• WORK ITEM:
Using the data below, transcribe exactly everything from the line that contains "Gradient Tempered Glass" down to the line that contains "Plastic Red Wire". Include both of those lines and none of the pictures.

*** DATASET CONTENT

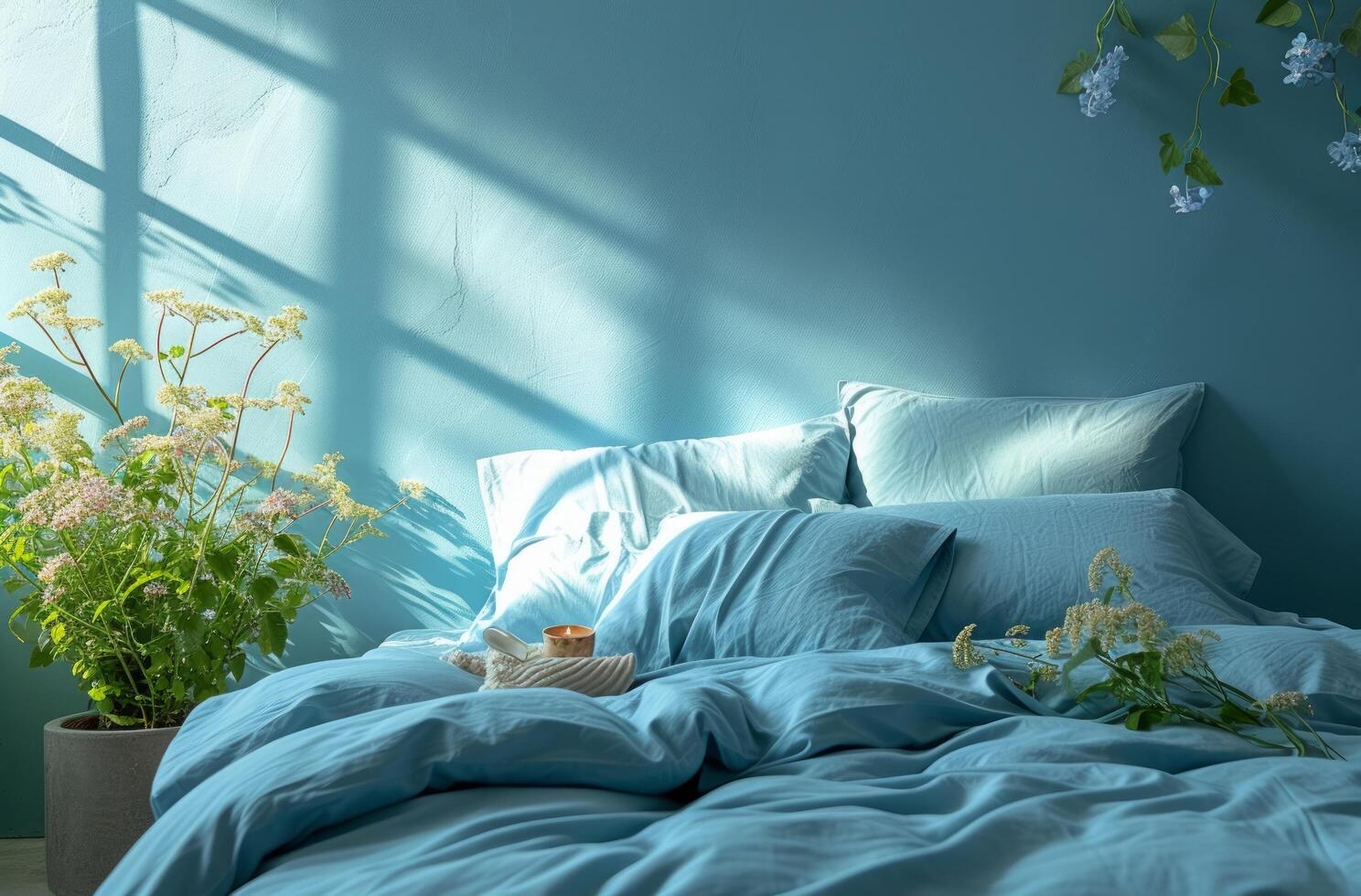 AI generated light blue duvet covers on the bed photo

******
*** DATASET CONTENT

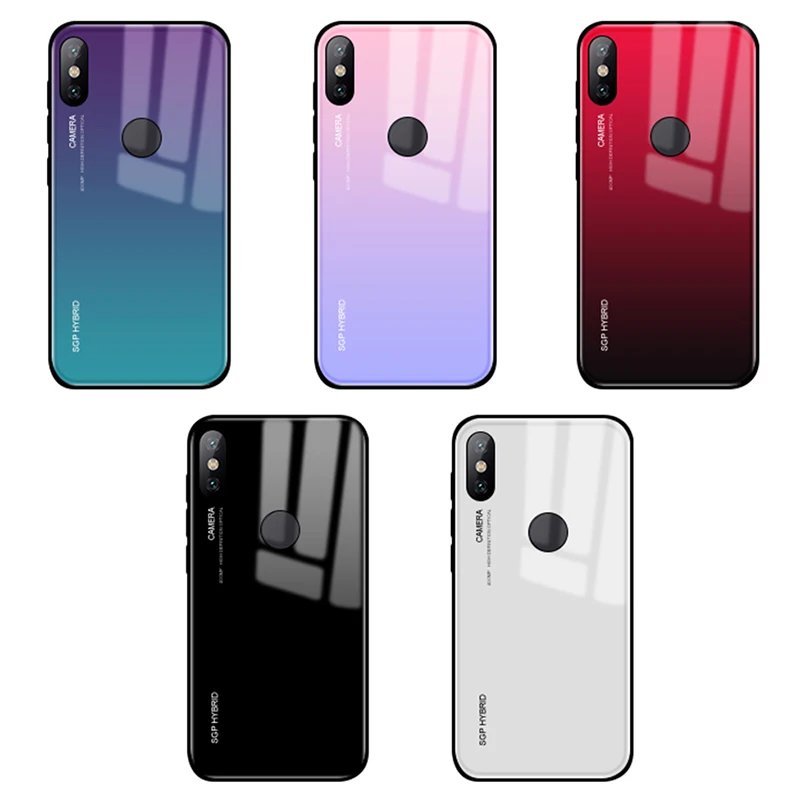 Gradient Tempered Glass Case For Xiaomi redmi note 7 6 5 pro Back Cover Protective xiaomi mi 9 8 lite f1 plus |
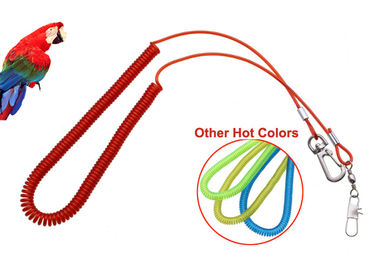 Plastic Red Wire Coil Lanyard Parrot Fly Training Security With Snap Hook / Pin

******
*** DATASET CONTENT

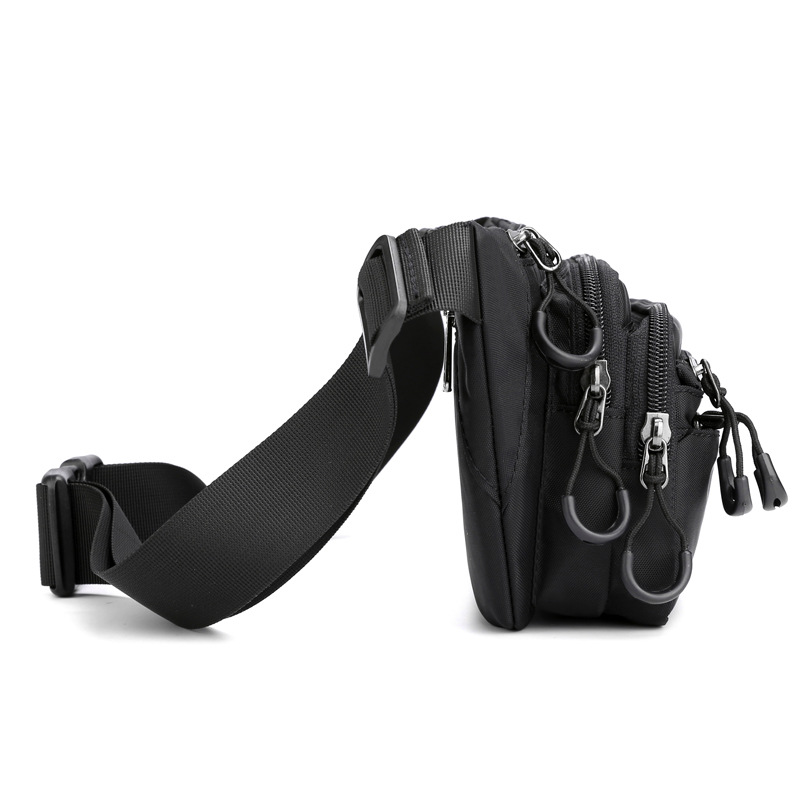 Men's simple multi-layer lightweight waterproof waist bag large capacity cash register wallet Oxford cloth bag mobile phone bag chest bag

******

• RESPONSE TO THIS TASK:
 Gradient Tempered Glass Case For Xiaomi redmi note 7 6 5 pro Back Cover Protective xiaomi mi 9 8 lite f1 plus |
 Plastic Red Wire Coil Lanyard Parrot Fly Training Security With Snap Hook / Pin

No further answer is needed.